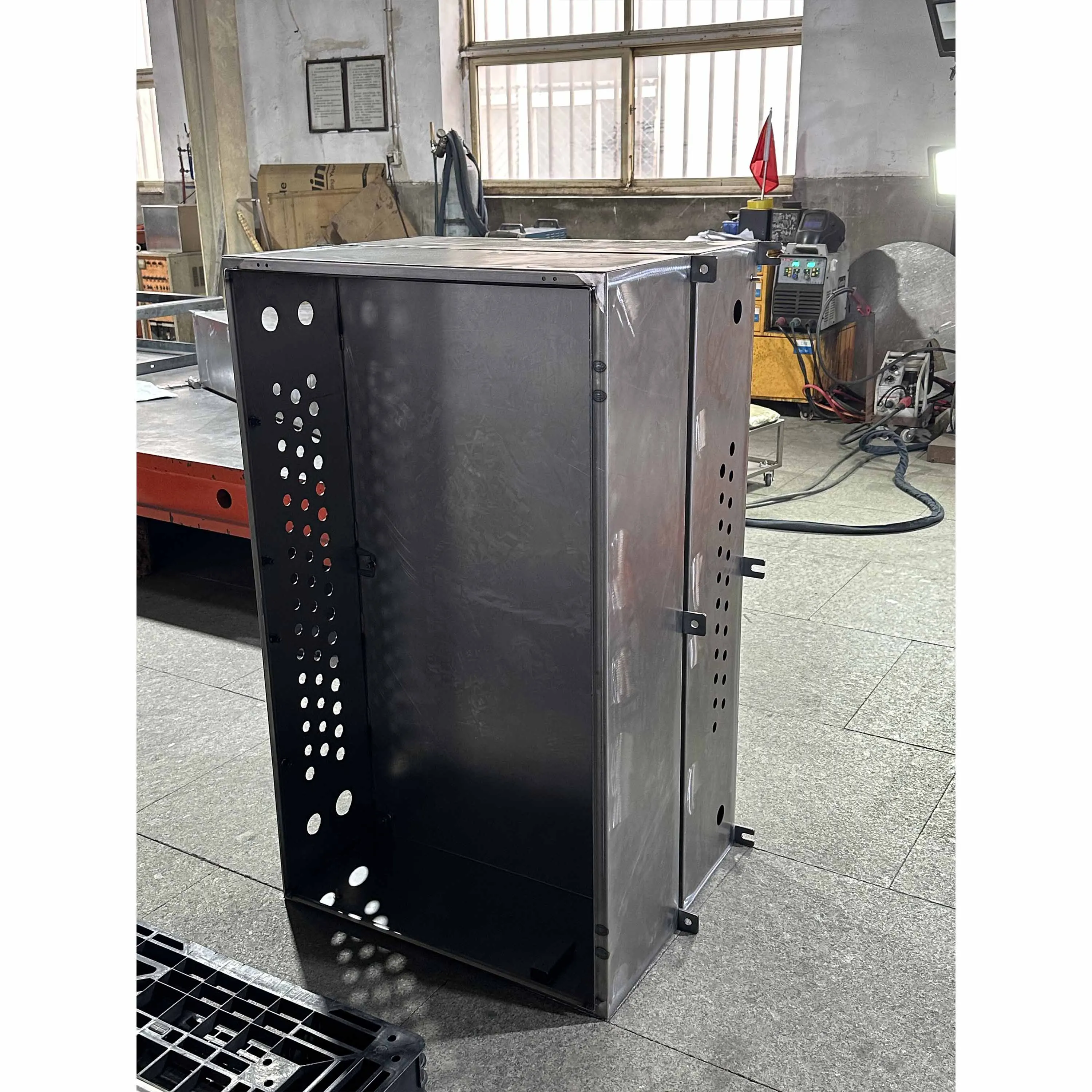 Factory Manufacturer sheet metal fabrication steel enclosure cases machine device metal enclosure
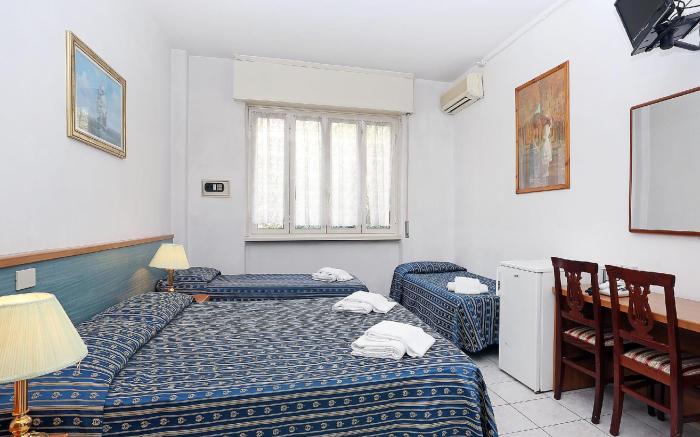 Hotel Athena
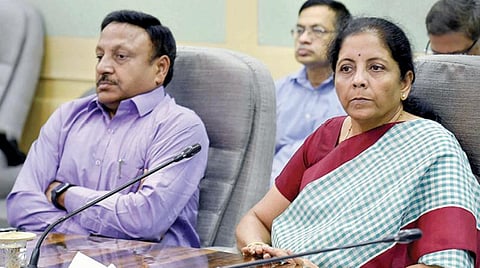 டெல்லியில் கட்டுமானத் துறையைச் சேர்ந்தவர்களுடனான ஆலோசனைக் கூட்டத்தில் அவர்களின் பிரச்சினைகளைக் கேட்டறியும் மத்திய நிதி அமைச்சர் நிர்மலா சீதாராமன். உடன் நிதித் துறைச் செயலர் ராஜீவ் குமார் (இடது).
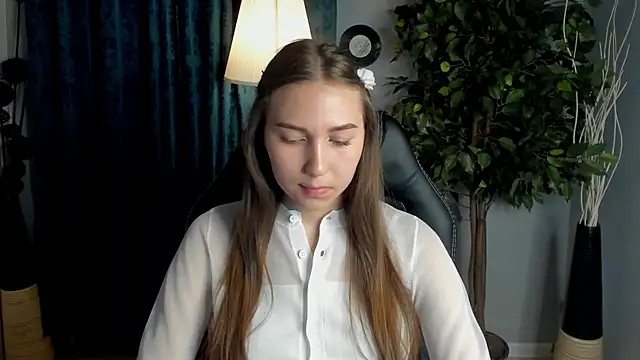 OliviaLang online show from March 31, 2:28 pm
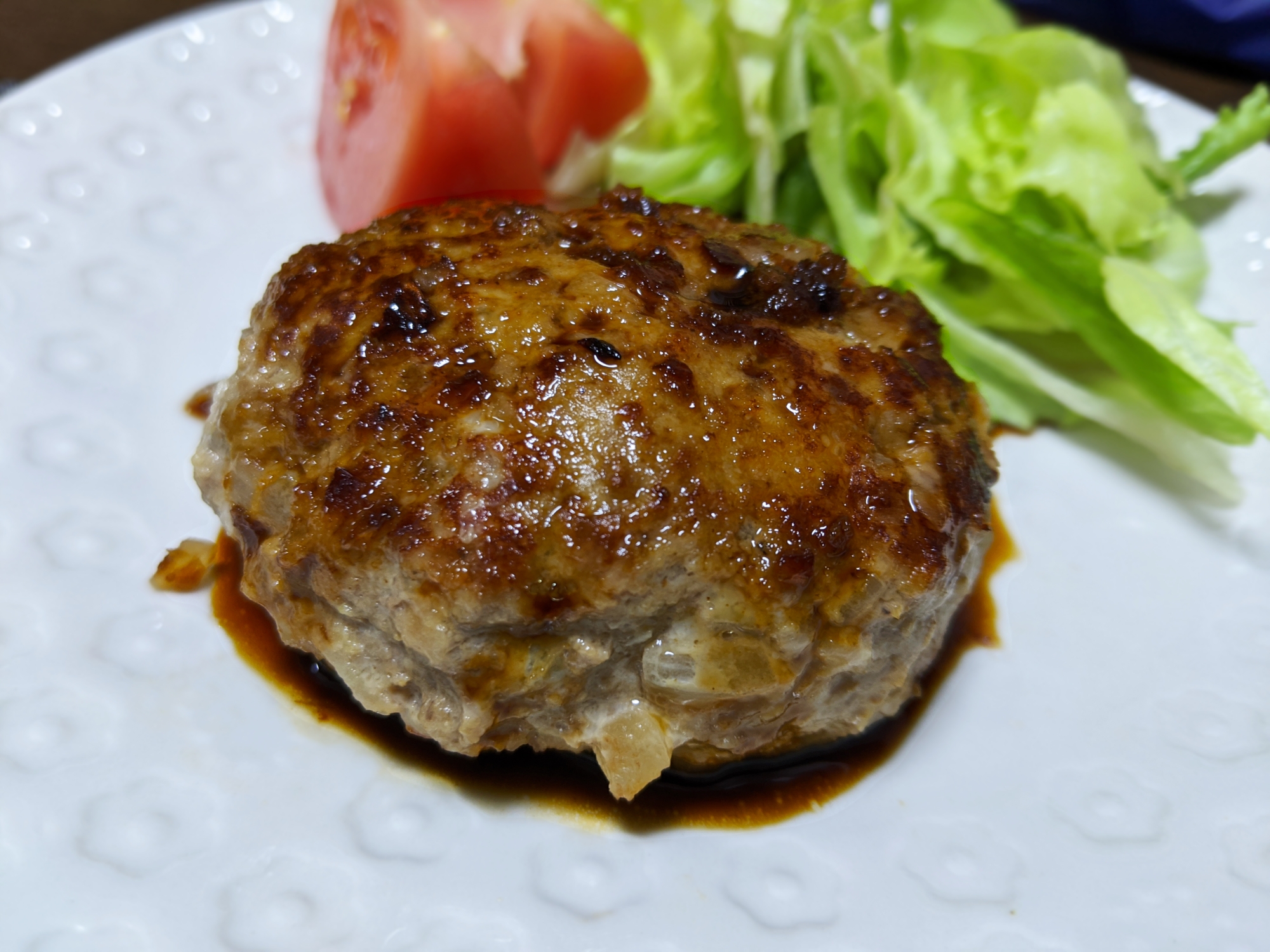 パサパサ卒業！肉の旨味たっぷりハンバーグ！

**EXERCISE OBJECTIVE**: Every entry above should be restated word for word, with the images left out.

**RESPONSE**:
 Factory Manufacturer sheet metal fabrication steel enclosure cases machine device metal enclosure
 Hotel Athena
 டெல்லியில் கட்டுமானத் துறையைச் சேர்ந்தவர்களுடனான ஆலோசனைக் கூட்டத்தில் அவர்களின் பிரச்சினைகளைக் கேட்டறியும் மத்திய நிதி அமைச்சர் நிர்மலா சீதாராமன். உடன் நிதித் துறைச் செயலர் ராஜீவ் குமார் (இடது).
 OliviaLang online show from March 31, 2:28 pm
 パサパサ卒業！肉の旨味たっぷりハンバーグ！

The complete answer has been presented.